Henry Drub was a foil of rich capitalists in a long-running series of cartoon strips by Ryan Walker (1870-1932) in the socialist weekly Appeal to Reason and (later) other radical newspaper. Drub's willing and unthinking acceptance of the status quo, where the common man would work and the rich would receive the benefits, made him a popular character among young socialists. The strips would end with the character staring into space and proclaiming, "I'm the Henry Drub" (or, sometimes, "I'm a Henry Drub"). Drub's wife and son (and readers of the strip) considered him an intractable fool.

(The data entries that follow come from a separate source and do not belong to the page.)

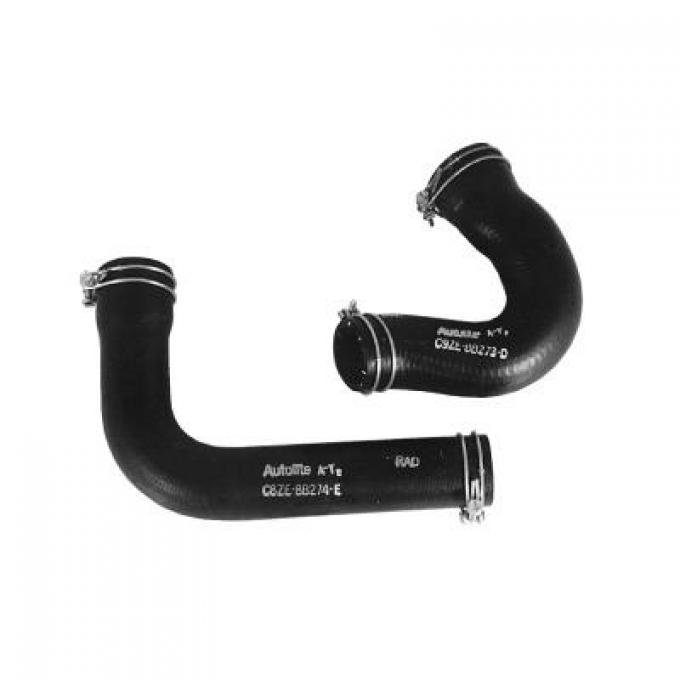 Scott Drake 1969 Ford Mustang 1969 Concourse Correct Radiator Hose Set (302, 351W, 20 Inch) C9ZE-8B273-7-C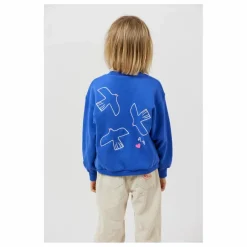 Arsène et Les Pipelettes Sweat Gwendale Coton Bio | Bleu Online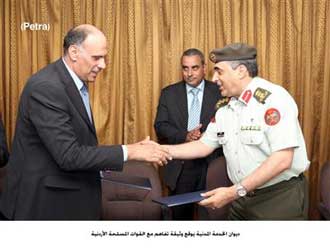 الخدمة المدنية توقع مذكرة لارشفة وثائقها الكترونيا مع القوات المسلحة 
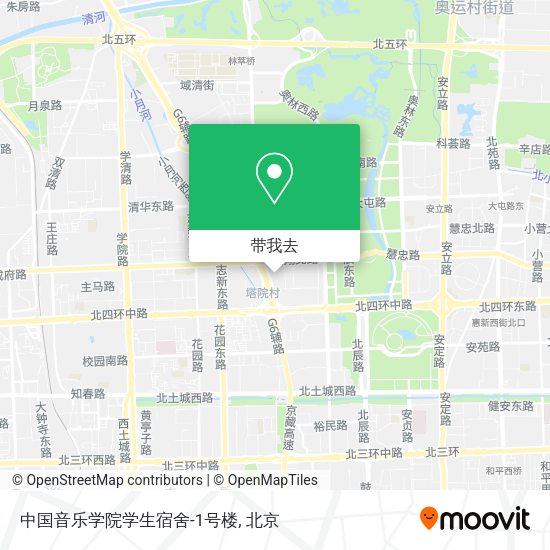 中国音乐学院学生宿舍-1号楼地图
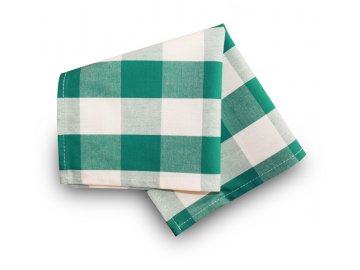 Prostírka 30x30 cm - zelená kostička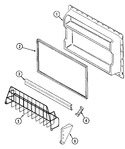 Diagram for 02 - Freezer Inner Door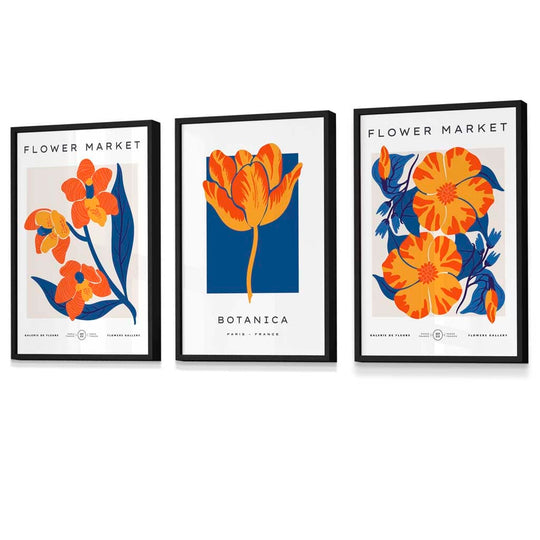 Set de 3 Postere Florale Vintage pentru Artă de Perete 0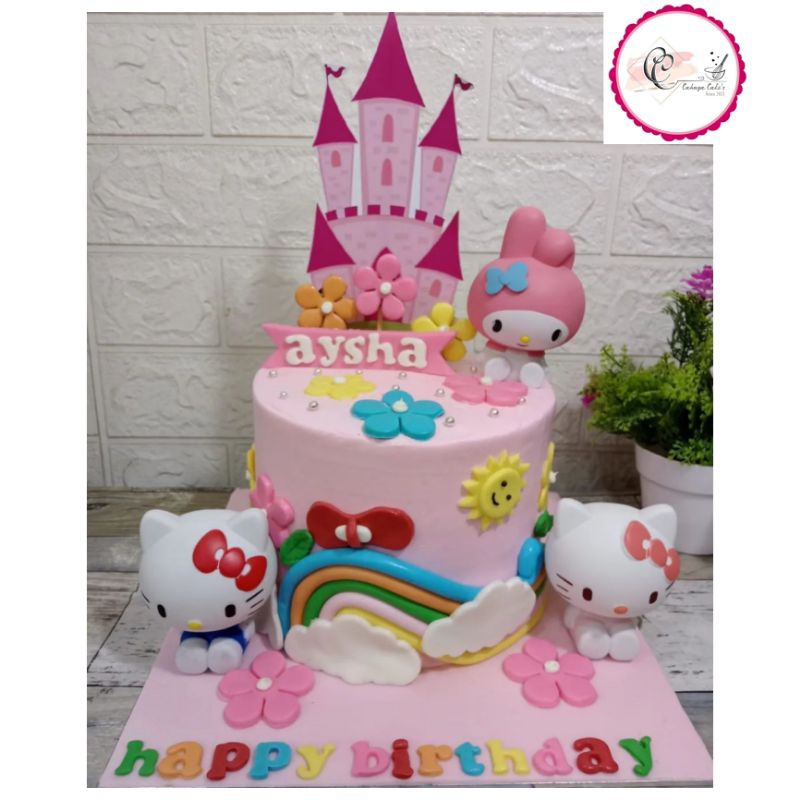 

Kue Ulang Tahun Hello Kitty / Kue Ultah Melody / Hello Kitty Cake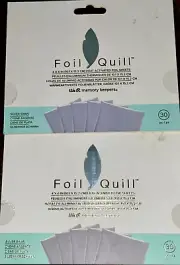 2 NEW We R Memory Keepers 30ct Foil Quill Paper Craft Book Sheets Lot Silver 4x6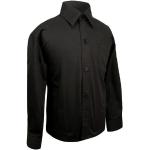 Paul Malone Langarmhemd »Festliches Kinderhemd Jungenhemd uni - Jungen Hemd« schwarz KH2 - 104 (4 Jahre), schwarz, schwarz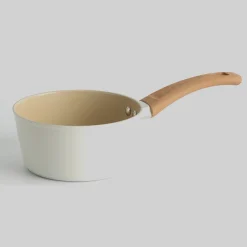 Casserole aluminium forgé beige, 16cm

Ryan Walker published two small books about Drub: Adventures of Henry Drub (1914) and New Adventures of Henry Drub (1915) for the SOCIALIST PARTY of Chicago. Walker was also an effective stump speaker for the Socialist Party of America and would often include examples of the Drub cartoons in his lectures.
Walker would later join the Communist Party. He died of pneumonia while on a visit to the Soviet Union in 1932. He was 61.
Let's join Henry Drub as he is exploited by a "corrupt social system."
https://comicbookplus.com/?dlid=77973&comicpage=&b=i
Not too much worried about subtlety...I always wonder about Socialist Party types who jumped onto the Leninist bandwagon as it became available, even given all the evidence that the Workers' Paradise was in too many similar ways as exploitive.